The 1979 Penn State Nittany Lions football team represented Pennsylvania State University as an independent during the 1979 NCAA Division I-A football season. Led by 14th-year head coach Joe Paterno, the Nittany Lions compiled a record of 8–4 with a win over Tulane in the Liberty Bowl.
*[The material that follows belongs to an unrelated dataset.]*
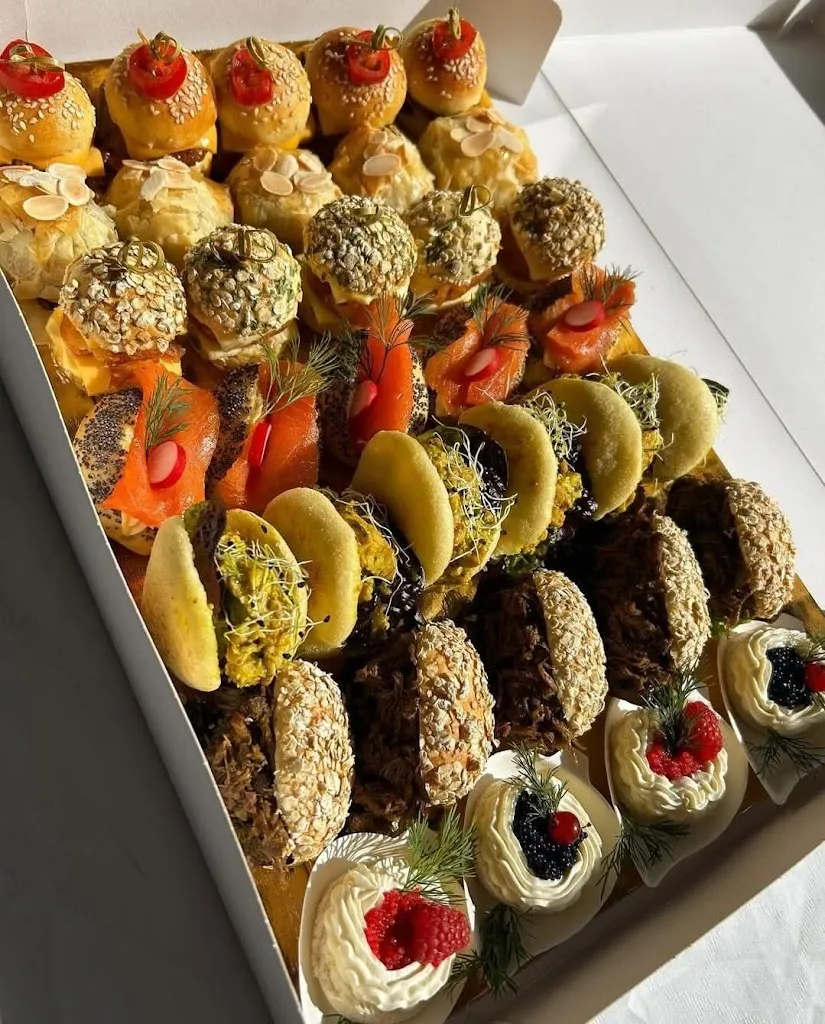 Menu_KLM'S TRAITEUR_Éguilles_image_4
Penn State played home games at Beaver Stadium in University Park, Pennsylvania.

==Schedule==

| Date | Opponent | Rank | Site | TV | Result | Attendance | Source |
| September 15 | Rutgers | No. 7 | Beaver Stadium; University Park, PA; |  | W 45–10 | 77,309 |  |
| September 22 | Texas A&M | No. 6 | Beaver Stadium; University Park, PA; |  | L 14–27 | 77,575 |  |
| September 29 | at No. 6 Nebraska | No. 18 | Memorial Stadium; Lincoln, NE; | ABC | L 17–42 | 76,151 |  |
| October 6 | at Maryland |  | Byrd Stadium; College Park, MD (rivalry); |  | W 27–7 | 52,348 |  |
| October 13 | Army |  | Beaver Stadium; University Park, PA; |  | W 24–3 | 77,157 |  |
| October 20 | at Syracuse |  | Giants Stadium; East Rutherford, NJ (rivalry); |  | W 35–7 | 53,789 |  |
| October 27 | West Virginia |  | Beaver Stadium; University Park, PA (rivalry); |  | W 31–6 | 77,923 |  |
| November 3 | Miami (FL) | No. 19 | Beaver Stadium; University Park, PA; | TCS | L 10–26 | 75,532 |  |
| November 10 | at NC State |  | Carter–Finley Stadium; Raleigh, NC; |  | W 9–7 | 51,200 |  |
| November 17 | No. 18 Temple |  | Beaver Stadium; University Park, PA; |  | W 22–7 | 76,000 |  |
| December 1 | No. 11 Pittsburgh | No. 19 | Beaver Stadium; University Park, PA (rivalry); | ABC | L 14–29 | 76,958 |  |
| December 22 | vs. No. 15 Tulane |  | Liberty Bowl Memorial Stadium; Memphis, TN (Liberty Bowl); | ABC | W 9–6 | 50,021 |  |
Homecoming; Rankings from AP Poll released prior to the game;

==NFL draft==
Seven Nittany Lions were drafted in the 1980 NFL draft.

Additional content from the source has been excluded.